La cosa había empezado la mañana en la que Eros llegó al pueblo. Después de bajar del tren, caminó hasta el edificio cargando con esfuerzo la única valija que le permitieron llevarse del palacio, estrictamente revisada por los guardias antes de cruzar la salida. La puerta de la oficina que estaba buscando estaba abierta y desde el pasillo se podía sentir el aroma a limón.

Era una inmobiliaria, pero el hombre que debía atenderlo –Pedro, Eros supo un rato después– no estaba detrás del escritorio sino un poco más allá, en la cocinita. Eros se aclaró la garganta y Pedro se sobresaltó, casi soltando la bandeja de muffins de arándanos que acababa de sacar del horno.

Y cuando lo saludó con una sonrisa amable y le ofreció uno, Eros cambió impulsivamente los planes. En vez de pedirle ayuda para concretar el alquiler del departamento que había reservado, Eros lo invitó a abrir una panadería.

Había costado hacer que el negocio despegara.
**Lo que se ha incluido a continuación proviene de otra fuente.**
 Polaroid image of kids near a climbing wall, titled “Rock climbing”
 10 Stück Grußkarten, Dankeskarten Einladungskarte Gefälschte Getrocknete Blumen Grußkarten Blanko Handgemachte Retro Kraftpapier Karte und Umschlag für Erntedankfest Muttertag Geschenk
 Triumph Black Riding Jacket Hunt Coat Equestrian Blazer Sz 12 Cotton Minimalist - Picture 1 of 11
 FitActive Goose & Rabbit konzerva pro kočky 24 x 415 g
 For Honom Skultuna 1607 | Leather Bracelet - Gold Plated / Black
Durante el primer mes, las ventas apenas habían sido una cuarta parte de las necesarias para recuperar la inversión. Todo estaba saliendo mal y la idea de cerrar para siempre no era una exageración.
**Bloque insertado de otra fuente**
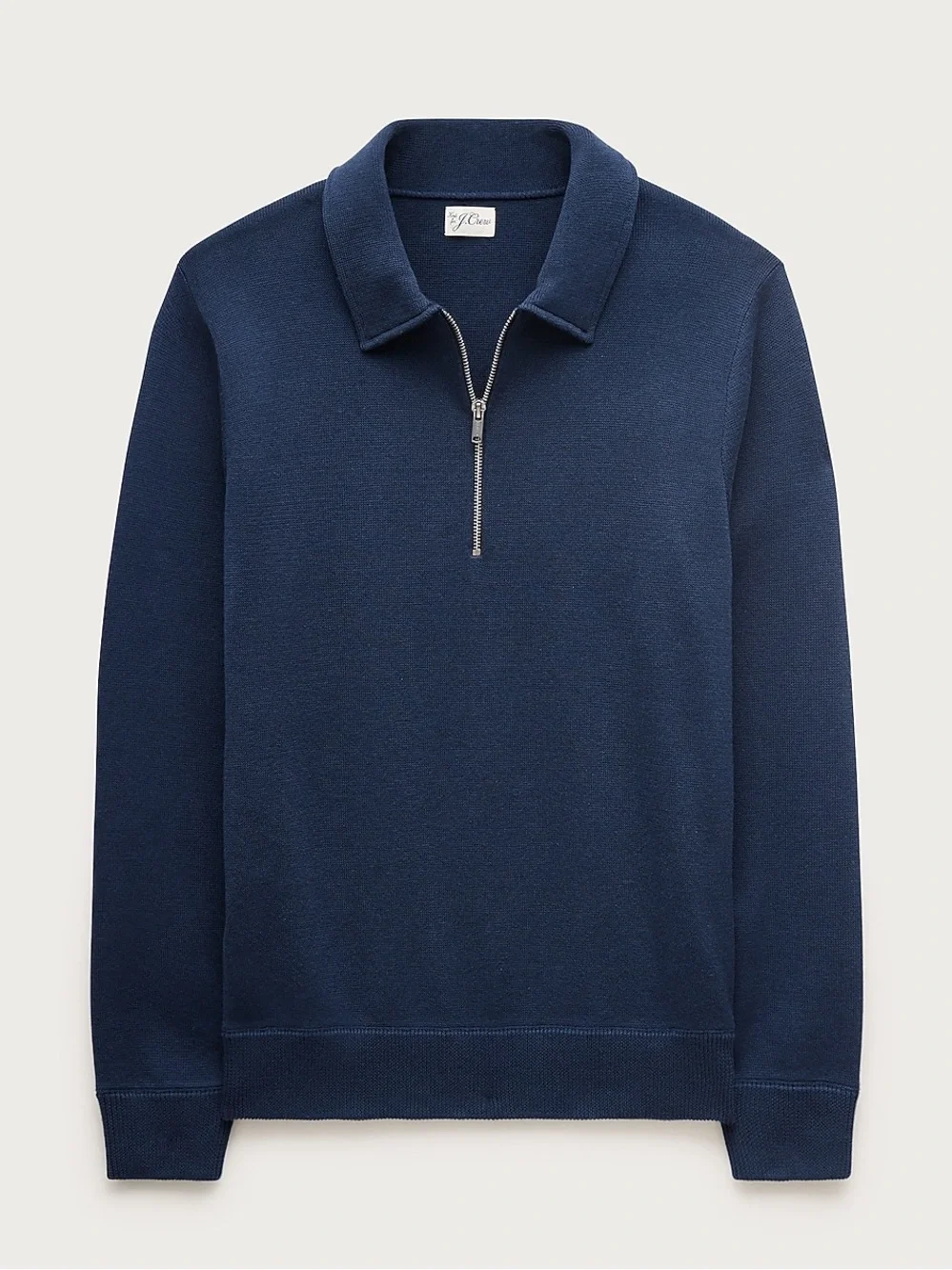 J crew navy Quarter-zip sweater in milano-stitch cotton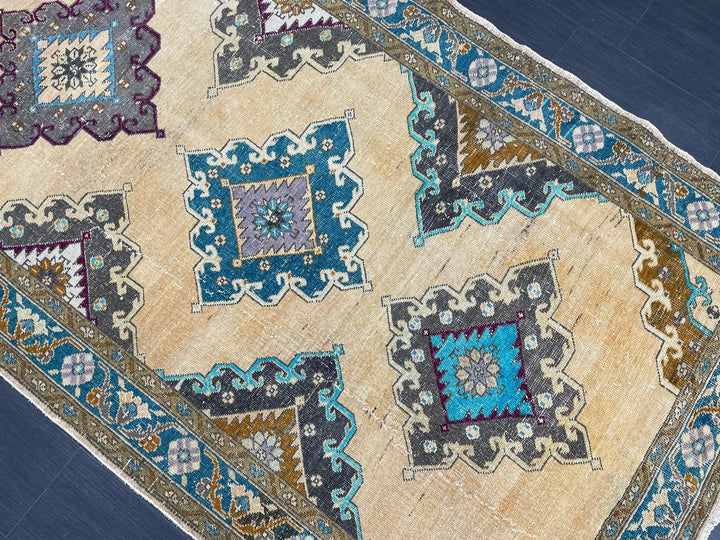Beige Turkish Runner Rug 4' 11" x 13' Hand-Knotted | No. WR94332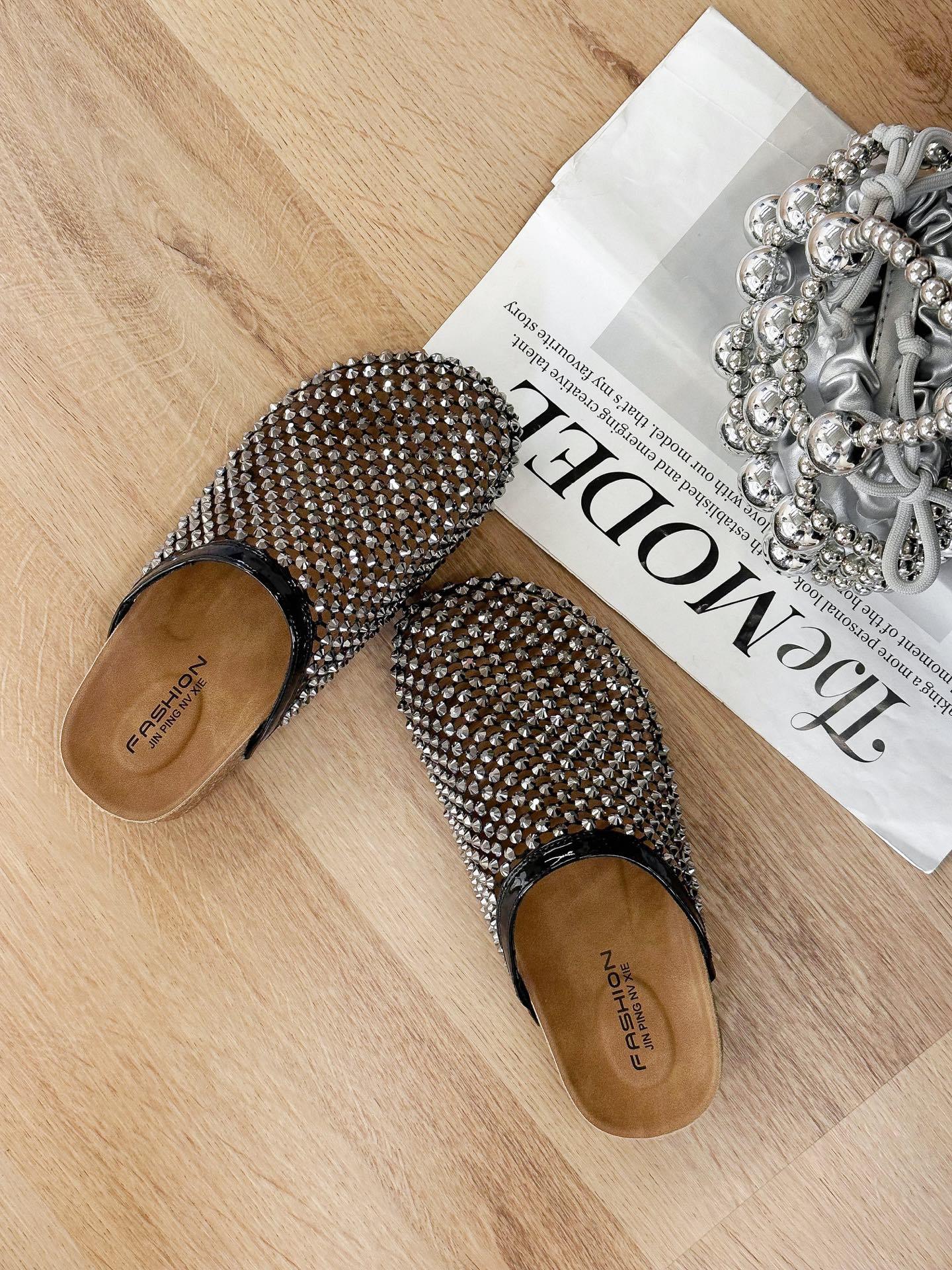 

2025 summer rhinestones full diamonds fishing net baotou big head baotou half slippers sandals toboken shoes flat women s shoes 35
La razón por la que Eros no se daba por vencido y volvía al Olimpo con la cabeza gacha buscando que lo perdonaran, rogando que aceptaran recibirlo de vuelta, era que el optimismo de Pedro era contagioso y cada vez que decía:

—Tenés que tener paciencia, Eros. A la gente del pueblo le cuesta aceptar cosas nuevas, pero vas a ver: una vez que prueben nuestros productos van a seguir viniendo —Eros le creía, y tenía paciencia.

—Mis galletitas salvaron el negocio —Eros opinó, poniéndose de pie para mirar dentro de la campana de vidrio sobre el mostrador, donde guardaba el secreto del éxito. Estaba vacía, excepto por las migas desparramadas en la base.